When I was first told to write a literary criticism on Hiroshima many ideas flooded my head. Many thoughts and questions, “what do I write?” “Should I focus on one idea or many?” All of these thoughts and more, however one stood out to me. “What is my opinion?” I have many opinions on many things and they are constantly being changed. For example I used to think that contemporary art was not art until I went to a Yoko Ono exhibit. It only takes one thing to change someone’s mind. My opinion on this book and specifically different aspects of this book has changed over reading it.
Before reading this book I had thought that the Americans made a smart move to end the war. After reviewing this I realized that I was looking though one viewpoint, this book allowed me to see through another. In this book we read through the view of 6 survivors and their experience. This allows you to sympathize and remember that there are always two side to a story. At the end of this book I had one main question, “Can we blame the US for making the atomic bomb and not taking the time to test for long lasting effects if they were just trying to get there before the Germans did?” The US might have made a smart move in saving their own men by bombing the Japanese, however it was not ethically the right thing to do. Let’s look at this through the trolley problem.

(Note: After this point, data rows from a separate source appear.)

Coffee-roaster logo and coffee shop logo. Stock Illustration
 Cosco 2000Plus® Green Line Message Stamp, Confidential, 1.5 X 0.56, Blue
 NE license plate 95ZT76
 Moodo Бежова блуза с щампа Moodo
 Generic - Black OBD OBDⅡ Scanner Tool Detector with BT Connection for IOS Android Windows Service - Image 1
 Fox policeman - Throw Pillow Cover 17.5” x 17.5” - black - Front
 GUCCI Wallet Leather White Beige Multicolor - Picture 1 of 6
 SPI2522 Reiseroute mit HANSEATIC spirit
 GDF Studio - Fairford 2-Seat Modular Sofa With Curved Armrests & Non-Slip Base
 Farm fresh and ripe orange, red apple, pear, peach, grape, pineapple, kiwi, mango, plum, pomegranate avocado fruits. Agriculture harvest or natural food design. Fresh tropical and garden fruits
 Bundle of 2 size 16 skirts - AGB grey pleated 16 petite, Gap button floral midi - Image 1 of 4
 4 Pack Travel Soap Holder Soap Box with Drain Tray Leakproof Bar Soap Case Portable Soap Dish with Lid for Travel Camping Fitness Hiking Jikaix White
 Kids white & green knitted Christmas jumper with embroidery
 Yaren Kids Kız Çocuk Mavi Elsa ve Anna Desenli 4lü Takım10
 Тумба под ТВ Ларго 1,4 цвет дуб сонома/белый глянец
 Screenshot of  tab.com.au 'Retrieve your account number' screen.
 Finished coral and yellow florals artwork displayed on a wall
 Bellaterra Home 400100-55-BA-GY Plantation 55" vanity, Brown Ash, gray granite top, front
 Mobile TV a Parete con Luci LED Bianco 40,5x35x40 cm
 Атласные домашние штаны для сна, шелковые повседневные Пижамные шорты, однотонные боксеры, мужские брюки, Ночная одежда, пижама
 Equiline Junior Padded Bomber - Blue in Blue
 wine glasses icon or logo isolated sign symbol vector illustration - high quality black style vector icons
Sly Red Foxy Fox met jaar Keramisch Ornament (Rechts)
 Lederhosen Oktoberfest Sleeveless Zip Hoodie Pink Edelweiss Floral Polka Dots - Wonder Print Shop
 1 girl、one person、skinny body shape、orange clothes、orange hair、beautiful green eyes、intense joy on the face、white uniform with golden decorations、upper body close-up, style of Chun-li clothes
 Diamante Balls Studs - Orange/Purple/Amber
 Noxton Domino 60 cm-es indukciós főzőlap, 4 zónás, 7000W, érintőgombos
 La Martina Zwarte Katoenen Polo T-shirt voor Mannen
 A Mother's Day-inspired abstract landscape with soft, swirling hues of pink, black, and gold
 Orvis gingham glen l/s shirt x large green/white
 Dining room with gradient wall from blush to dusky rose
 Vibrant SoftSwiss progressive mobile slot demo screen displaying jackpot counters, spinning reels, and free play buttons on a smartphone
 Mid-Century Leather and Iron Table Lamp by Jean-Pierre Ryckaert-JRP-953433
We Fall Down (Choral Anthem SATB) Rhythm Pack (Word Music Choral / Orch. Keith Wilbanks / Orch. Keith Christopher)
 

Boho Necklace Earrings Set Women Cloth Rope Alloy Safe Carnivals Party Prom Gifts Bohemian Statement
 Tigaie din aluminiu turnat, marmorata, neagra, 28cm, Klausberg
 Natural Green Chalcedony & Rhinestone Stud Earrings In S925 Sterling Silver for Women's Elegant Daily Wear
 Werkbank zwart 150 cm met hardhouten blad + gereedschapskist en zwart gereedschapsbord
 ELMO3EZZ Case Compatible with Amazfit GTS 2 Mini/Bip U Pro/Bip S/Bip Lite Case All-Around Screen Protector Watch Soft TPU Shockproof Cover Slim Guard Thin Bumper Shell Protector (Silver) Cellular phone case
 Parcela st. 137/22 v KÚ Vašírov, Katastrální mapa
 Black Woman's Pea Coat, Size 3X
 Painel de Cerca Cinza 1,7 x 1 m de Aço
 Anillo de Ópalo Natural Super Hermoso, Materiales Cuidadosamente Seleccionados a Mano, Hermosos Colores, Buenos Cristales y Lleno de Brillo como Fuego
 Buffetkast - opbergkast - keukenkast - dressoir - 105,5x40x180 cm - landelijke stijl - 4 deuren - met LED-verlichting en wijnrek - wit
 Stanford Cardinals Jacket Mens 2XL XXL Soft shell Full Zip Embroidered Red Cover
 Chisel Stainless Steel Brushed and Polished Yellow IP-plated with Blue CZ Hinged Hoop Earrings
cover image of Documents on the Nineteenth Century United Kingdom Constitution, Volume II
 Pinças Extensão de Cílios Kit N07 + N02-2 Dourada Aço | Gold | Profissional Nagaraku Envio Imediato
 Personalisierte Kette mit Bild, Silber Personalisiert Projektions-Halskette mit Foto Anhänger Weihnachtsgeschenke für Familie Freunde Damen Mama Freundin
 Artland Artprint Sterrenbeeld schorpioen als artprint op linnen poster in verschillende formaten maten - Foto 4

“There is a runaway trolley barreling down the railway tracks. Ahead, on the tracks, there are five people tied up and unable to move. The trolley is headed straight for them. You are standing some distance off in the train yard, next to a lever. If you pull this lever, the trolley will switch to a different set of tracks. However, you notice that there is one person on the side track. You have two (and only two) options:
Do nothing, in which case the trolley will kill the five people on the main track.
Pull the lever, diverting the trolley onto the side track where it will kill one person.
Which is the more ethical option? Or, more simply: What is the right thing to do?”
Is it more ethical to end the war and save your men by bombing innocent Japanese civilian lives or to continue fighting and lose more lives? In the book, John Hersey wrote “Mrs. Nakamura and her relatives had been quite resigned and passive about the moral issue of the atomic bomb, but this rumour suddenly aroused them to more hatred and resentment of America than they had felt all through the war.” This showed that even a survivor of the event questioned the morality of the bomb.
After pondering my original question (Can we blame the US for making the atomic bomb and not taking the time to test for long lasting effects if they were just trying to get there before the Germans did?) I remembered a quote from my favourite musical (which happens to be Newtons Third Law), “Hamilton.” As Daveed Diggs (Thomas Jefferson) said “Every action has an equal opposite reaction.” There were clear consequences to the bomb being dropped wether the US decided to ignore them or just didn’t pick up on them.
In my opinion everything we do has equal consequences, the US might not have considered the consequences or the ethics if they felt a rush to get there first however they have learned their mistake and I hope that there will be more consideration in the future. This book has left behind an impact on the minds of many Americans and I hope that more historians and journalists consider writing in this method.